Monday, April 16, 2001 Volume 66, Issue 133



Desperados anxious about future

Melissa Kummer

When this semester began I was eight hours short of being classified as a senior in college. Soon, those eight hours and six more, will be completed.

Now, I find myself in a puzzling dilemma. Within the next few weeks, I will become a 20-year-old senior.

The student population strives towards the common goal of obtaining a piece of paper from UH that says, "You did it!"

So, what's the problem? Well, college graduates are adults, right? I'm not.

Graduation is frightening. I've been a student for the past 16 or so years. That was both my job and the center of my social world. The change between student and graduate is tremendous.

With so little time left in school, the realization dawned on me that I may not be ready to graduate and get tossed out into the cold, cruel world as an adult quite yet.

My friends and I have a hard time calling each adults. It seems like only yesterday we got our high school diplomas.

Granted, looking back at the past three years, I realize the Melissa Kummer who began college in 1998 is not the same Melissa Kummer who is writing this column today.

My priorities have changed from a shallow need for new clothes and concert tickets to the desire to become independent and appreciative of the good things I have in my life.

Isn't it amazing what happens to you when you grow up? Things you've taken for granted all your life are viewed in a new light. They become important gifts for which you should be thankful.

Suddenly school becomes fun, siblings evolve into friends and parents shed their image as the stupidest people you know.

Some people believe everyone has three personas: the person others perceive, one's own perception of oneself and the person one truly is.

The goal, if I might venture an educated guess, is to make the three as unified as possible.

If the point of life is to survive it, success is doomed. However, if there is some deeper meaning, that would explain why people say "life is hard."

As for those who say that being an adult means getting up at 6 a.m. and driving through rush-hour traffic to a full-time job every day, there's no problem here.
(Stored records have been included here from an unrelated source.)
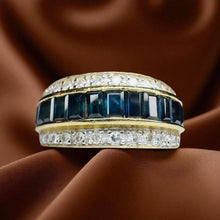 Load image into Gallery viewer, Estate Blue Sapphire & Diamond Ring - 14K Yellow Gold Earth Mined Channel Set 2CTW Pave Diamond Size 7 - 4.4g September Fine Jewelry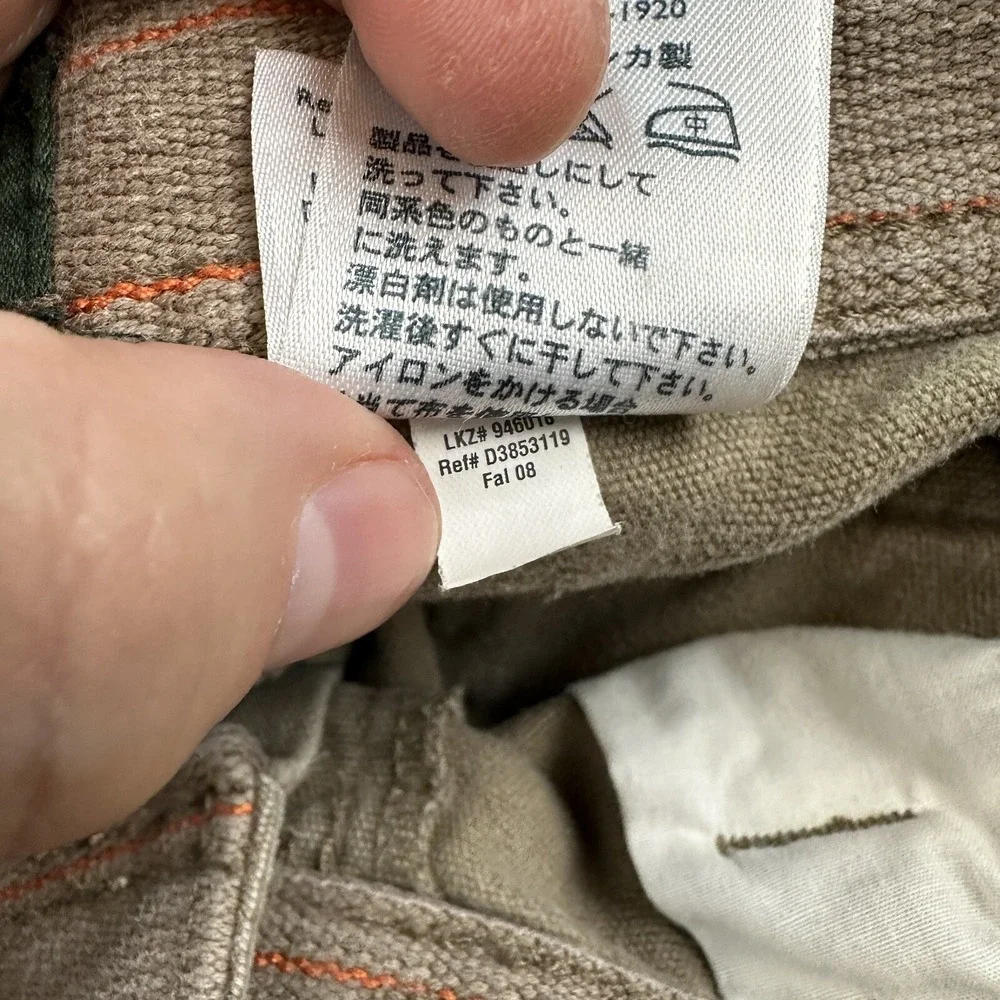 Eddie Bauer Mens Brown 34x28 Cargo Pants Pocket Button Zip Closure Straight Cut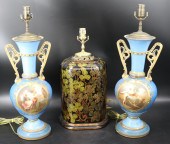LOT OF PORCELAIN LAMPS TOGETHE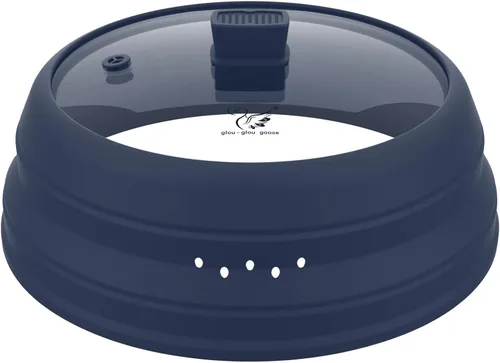 Tapa protectora contra salpicaduras de microondas con protector de vidrio y silicona plegable para platos y ollas de 9.8 pulgadas, color azul oscuro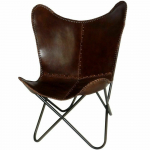 Buffalo Leather Butterfly Chair Kokkupandav Sleeper Seat Lounge Modern Accent Tool 36x29.5x29.5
That sounds like college.

Unfortunately, I think being an adult means something more internal, something you can't measure with a clock.

If it means getting to the point in your life where you can say "Thank you" for all the things you have taken for granted since birth, most of us are well on our way to becoming adults.

As the transition from one stage of life into the next stage nears for those lucky students who paid their dues and hold their heads high, the rest of us wonder what it will be like when we earn our caps and gowns.

If graduating college is as smooth a transition as graduating from high school, I can take it. If not, I don't know what to expect.

I must admit the unknown makes me nervous. Will we magically be forced to transform into adults? If so, I might start considering a new double major that would extend my college time by two or three years.